Supplied data:
====

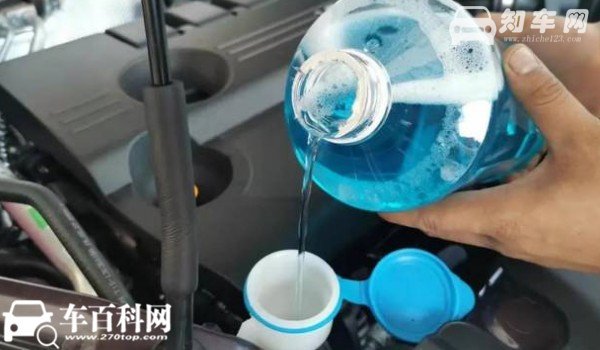 别克君越在哪加玻璃水 别克君越加玻璃水口在哪里(发动机舱右下角)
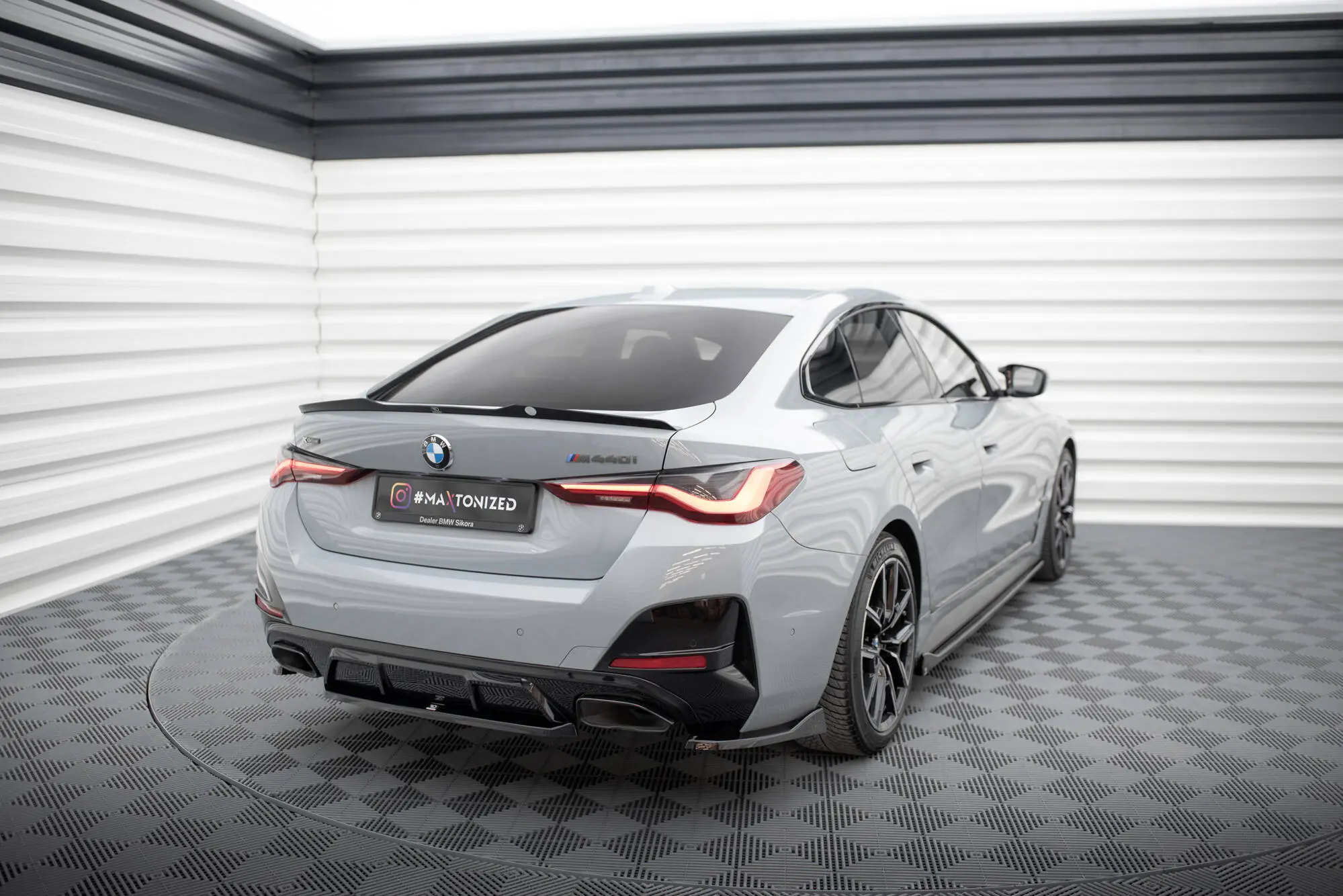 Sidesplitters bak BMW 4 Gran Coupe M440i (G26) 2021 - > | V.2 Glossy Black Edition – bilde 4
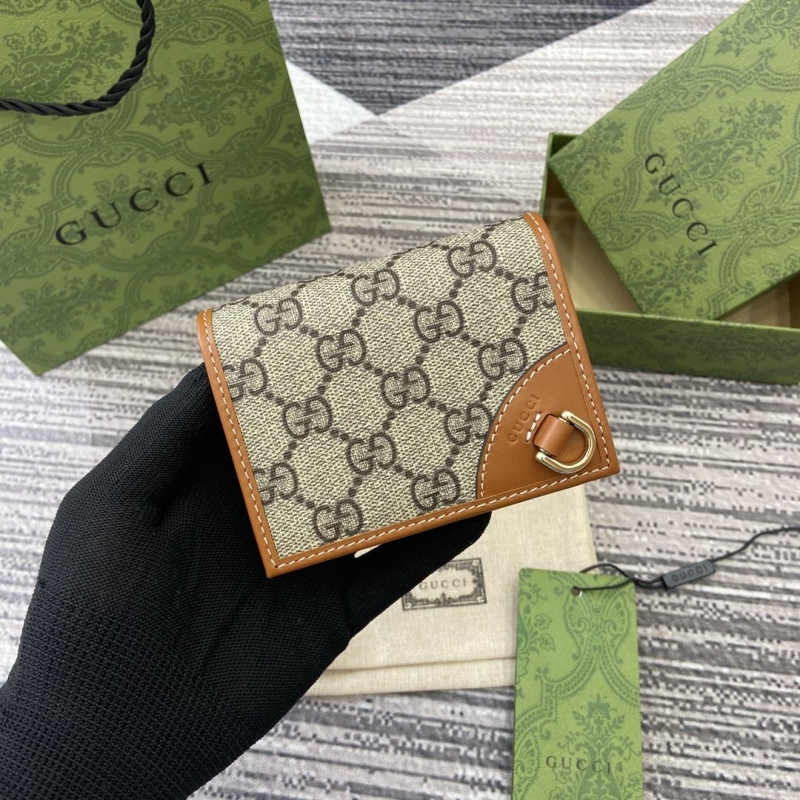 G*u*i wallets & purse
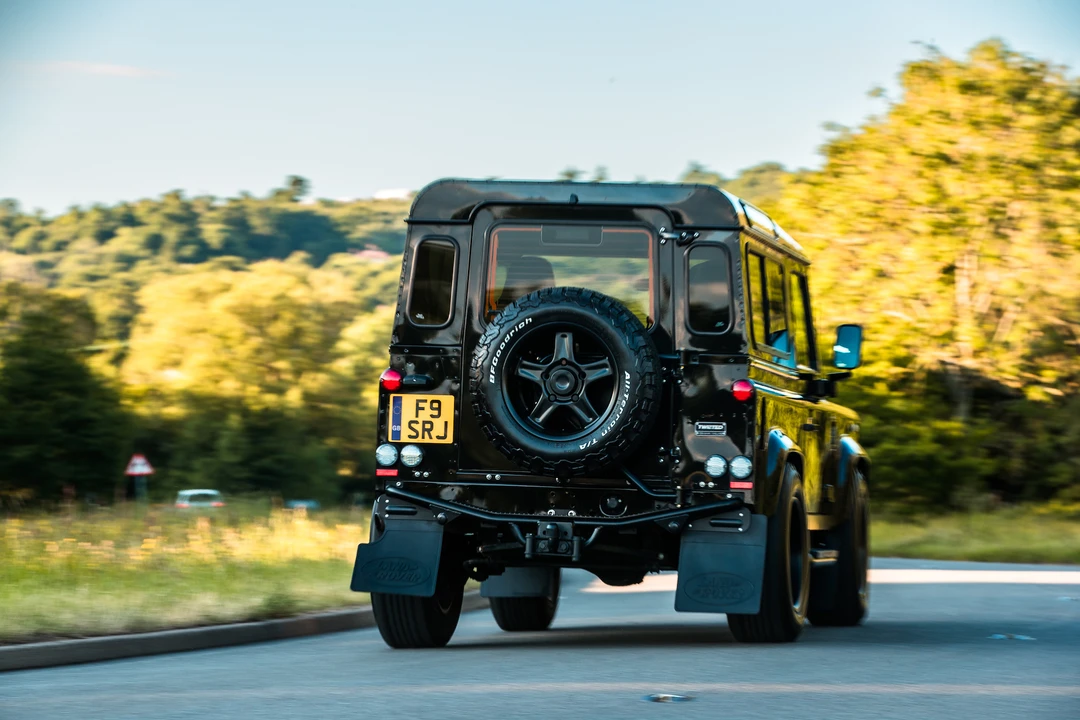2013 Land Rover Defender 90 - Image 26 of 31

====

What is expected: Every line above goes into the copy unchanged; the pictures do not.

Worked solution:
 别克君越在哪加玻璃水 别克君越加玻璃水口在哪里(发动机舱右下角)
 Sidesplitters bak BMW 4 Gran Coupe M440i (G26) 2021 - > | V.2 Glossy Black Edition – bilde 4
 G*u*i wallets & purse
2013 Land Rover Defender 90 - Image 26 of 31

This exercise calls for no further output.